He is of the highest order of visible creatures. Neither is it
possible to imagine an order of beings generically higher to be
connected with the conditions of the material world. This whole
secret was known to the author of the oldest writing. "And God
blessed them, and God said unto them: Be fruitful, and multiply,
and replenish the earth, and subdue it: and have dominion over
the fish of the sea, and over the fowl of the air, and over every
living thing that moveth upon the earth." The idea is never lost
sight of in the sacred writings. And while every man knows he must
fail in one great contest, and yield himself to death, the later
portions of the divine Word offer him victory even here. The typical
man is commissioned to destroy even death, and make man a sharer
in the victory. [Page 243] Science babbles at this great truth of
man's position like a little child; Scripture treats it with a
breadth of perfect wisdom we are only beginning to grasp.
Science tells us that each type is prophetic of a higher one. The
whale has bones prophetic of a human hand. Has man reached perfection?
Is there no prophecy in him? Not in his body, perhaps; but how his
whole soul yearns for greater beauty. As soon as he has found food,
the savage begins to carve his paddle, and make himself gorgeous with
feathers. How man yearns for strength, subduing animal and cosmic
forces to his will! How he fights against darkness and death, and
strives for perfection and holiness! These prophecies compel us to
believe there is a world where powers like those of electricity and
luminiferous ether are ever at hand; where its waters are rivers
of life, and its trees full of perfect healing, and from which all
unholiness is forever kept. What we infer, Scripture affirms.
Science tells us there has been a survival of the fittest. Doubtless
this is so. So in the future there will be a survival of the fittest.
What is it? Wisdom, gentleness, meekness, brotherly kindness, and
charity. Over those who have these traits death hath no permanent
power. The caterpillar has no fear as he weaves his own shroud; for
there is life within fit to survive, and ere long it spreads its
gorgeous wings, and flies in the air above where once it crawled. Man
has had two states of being already. One confined, dark, peculiarly
nourished, slightly conscious; then he was born into another--wide,
differently nourished, and intensely [Page 244] conscious. He knows
he may be born again into a life wider yet, differently nourished,
and even yet more intensely conscious. Science has no hint how a
long ascending series of developments crowned by man may advance
another step, and make man isaggelos--equal to angels. But the
simplest teaching of Scripture points out a way so clear that a
child need not miss the glorious consummation.

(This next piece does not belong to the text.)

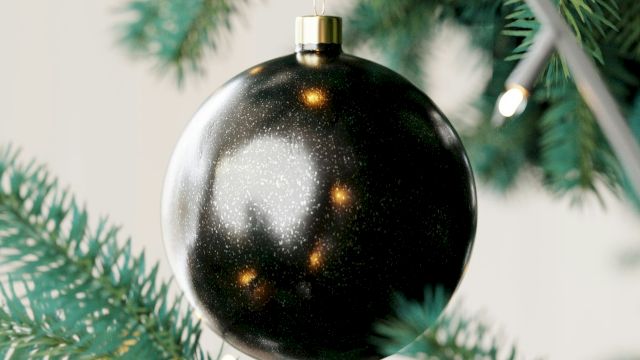 A close-up of a Christmas tree with a shiny black ornament and string lights.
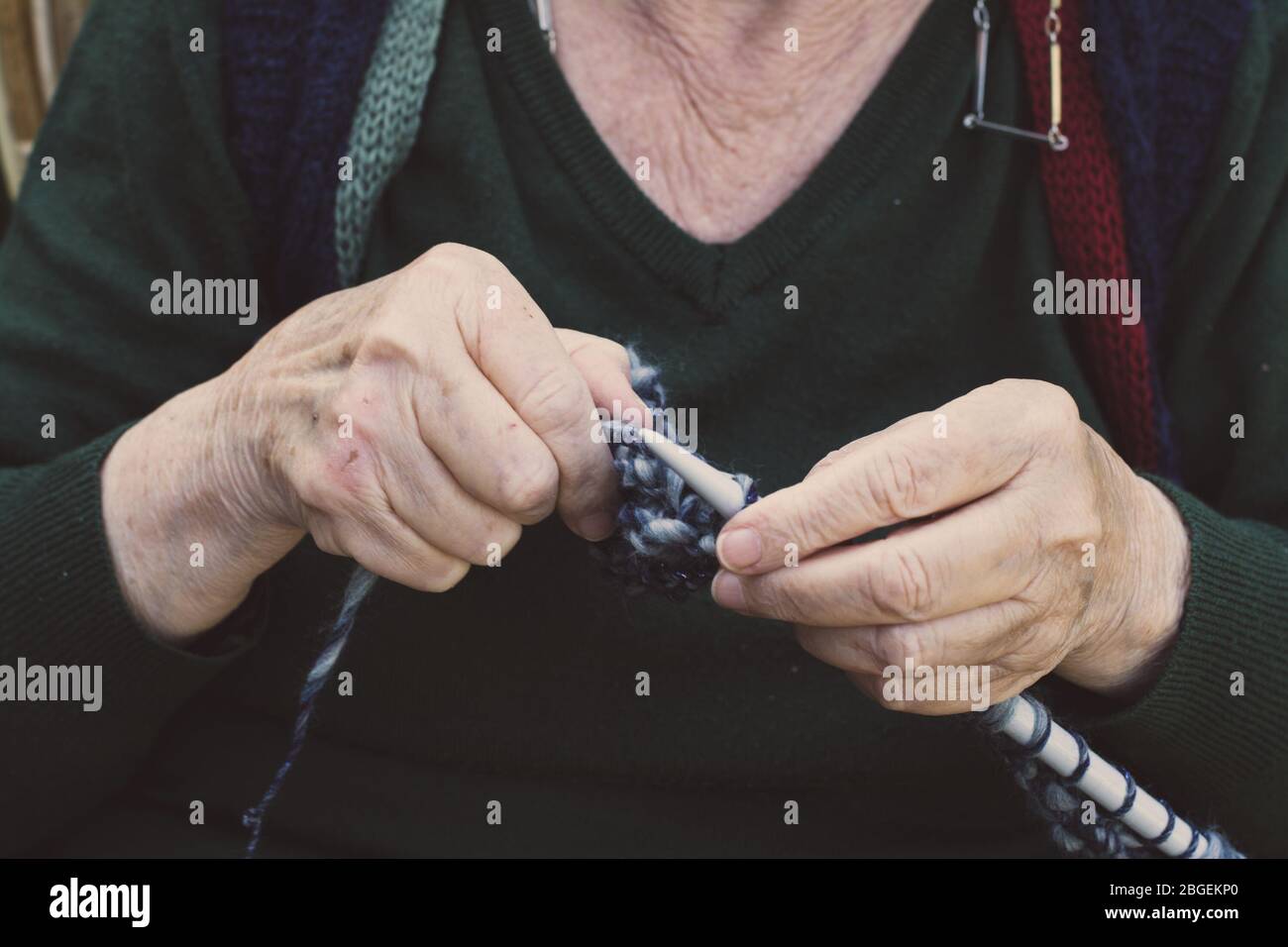 closeup on old lady hands to knitting in a terrace Stock Photo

When Uranus hastened in one part of its orbit, and then retarded,
and swung too wide, men said there must be another attracting world
beyond; and, looking there, Neptune was found. So, when individual
men are so strong that nations or armies cannot break down their
wills; so brave, that lions have no terrors; so holy, that temptation
cannot lure nor sin defile them; so grand in thought, that men
cannot follow; so pure in walk, that God walks with them--let us
infer an attracting world, high and pure and strong as heaven. The
eleventh chapter of Hebrews is a roll-call of heroes of whom this
world was not worthy. They were tortured, not accepting deliverance,
that they might obtain a better resurrection. The world to come
influenced, as it were, the orbits of their souls, and when their
bodies fell off, earth having no hold on them, they sped on to
their celestial home. The tendency of such souls necessitates such
a world.
The worlds and the Word speak but one language, teach but one set
of truths. How was it possible that the writers of the earlier
Scriptures described physical phenomena with wonderful sublimity,
and with such penetrative truth? They gazed upon the same heaven
that those men saw who ages afterward led the world in knowledge.

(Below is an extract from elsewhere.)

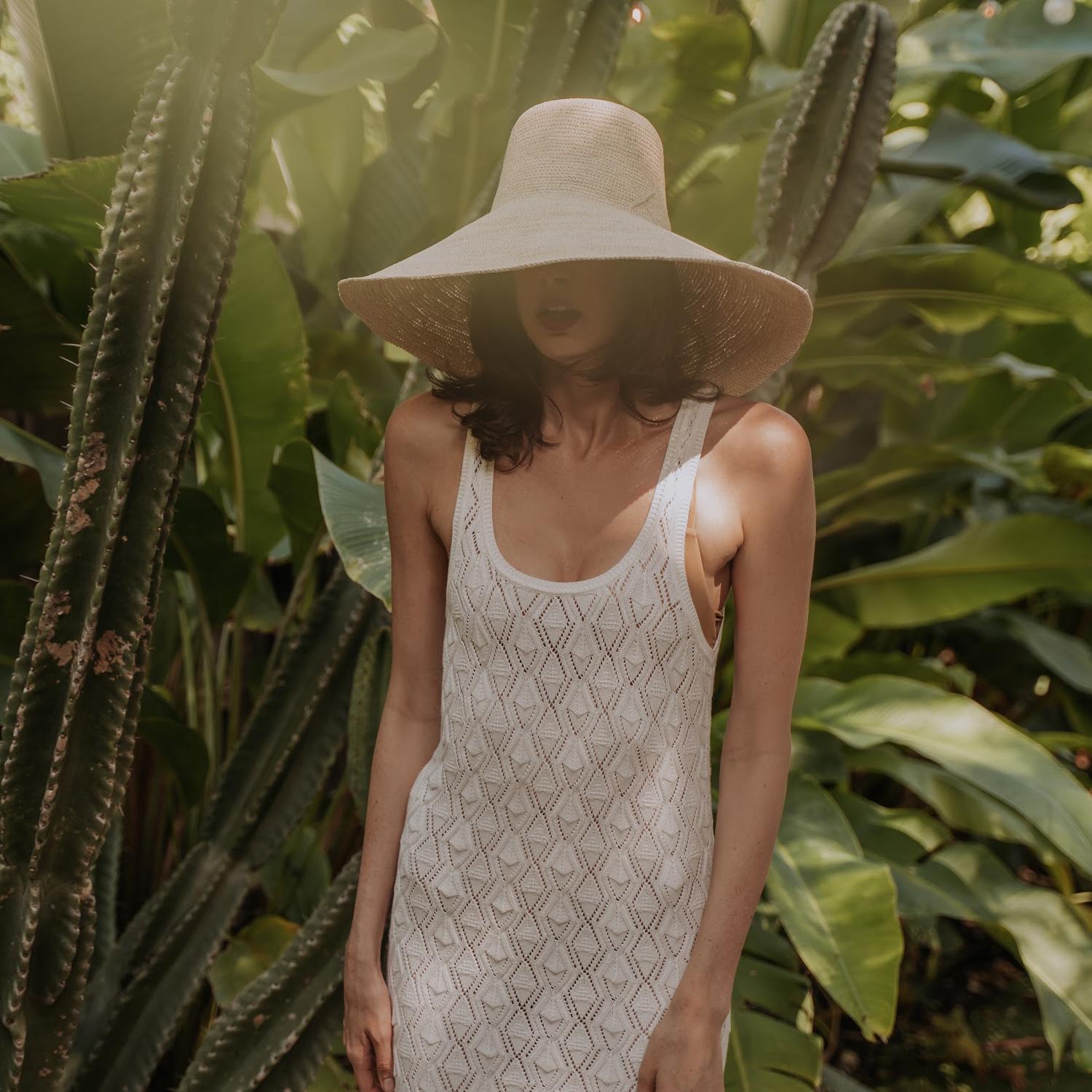 Woman wearing a crocheted dress and Verona Extra Wide Brim Packable sun hat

These latter were near-sighted, and absorbed [Page 245] in the
pictures on the first veil of matter; the former were far-sighted,
and penetrated a hundred strata of thickest material, and saw the
immaterial power behind. The one class studied the present, and made
the gravest mistakes; the other pierced the uncounted ages of the
past, and uttered the profoundest wisdom. There is but one
explanation. He that planned and made the worlds inspired the Word.

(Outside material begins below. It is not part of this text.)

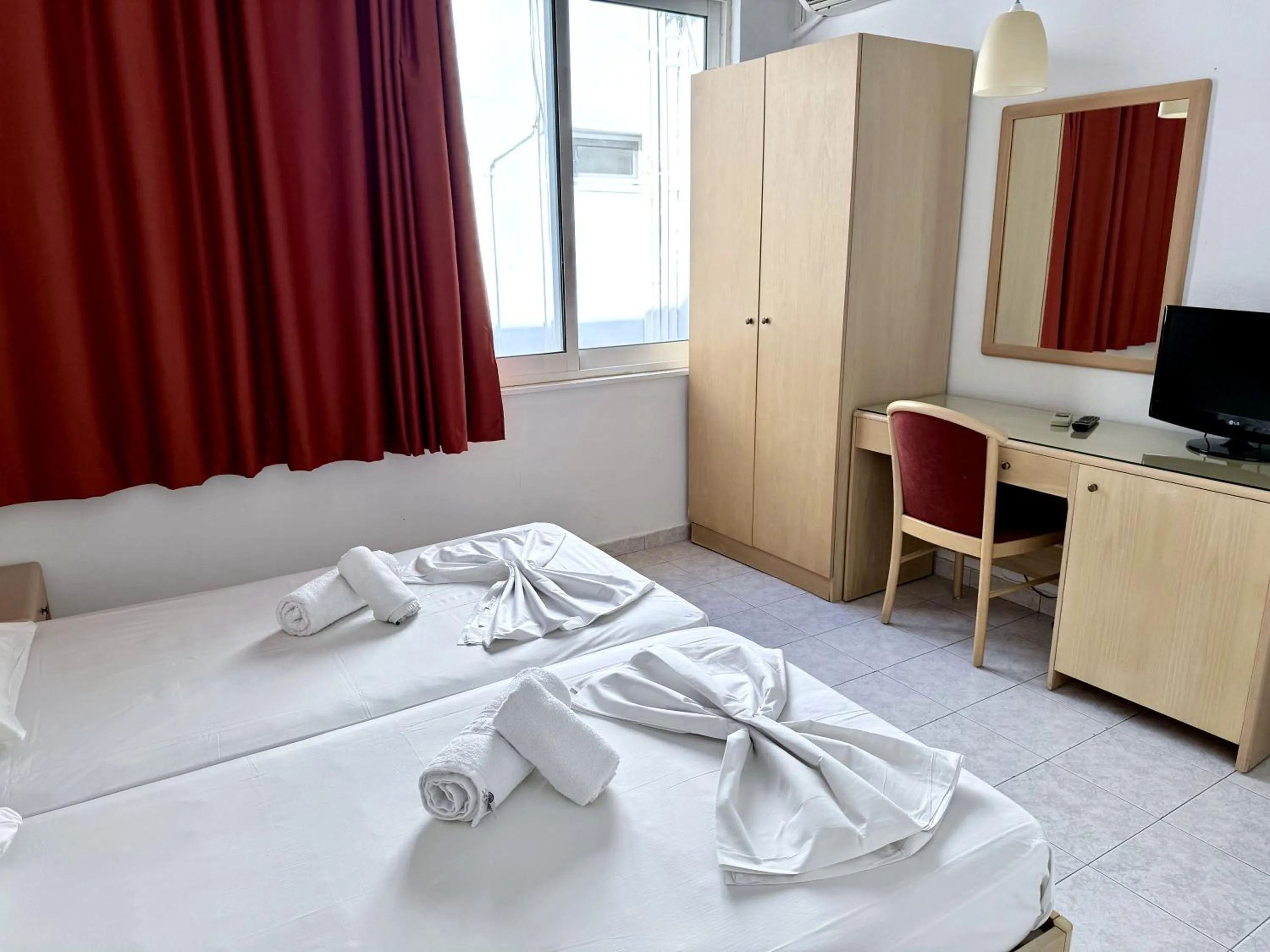 Bed in Savoy City Hotel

Science and religion are not two separate departments, they are
not even two phases of the same truth. Science has a broader realm
in the unseen than in the seen, in the source of power than in the
outcomes of power, in the sublime laws of spirit than in the laws
of matter; and religion sheds its beautiful light over all stages
of life, till, whether we eat or whether we drink, or whatsoever
we do, we may do all for the glory of God. Science and religion
make common confession that the great object of life is to learn
and to grow. Both will come to see the best possible means, for
the attainment of this end is a personal relation to a teacher
who is the Way, the Truth, and the Life.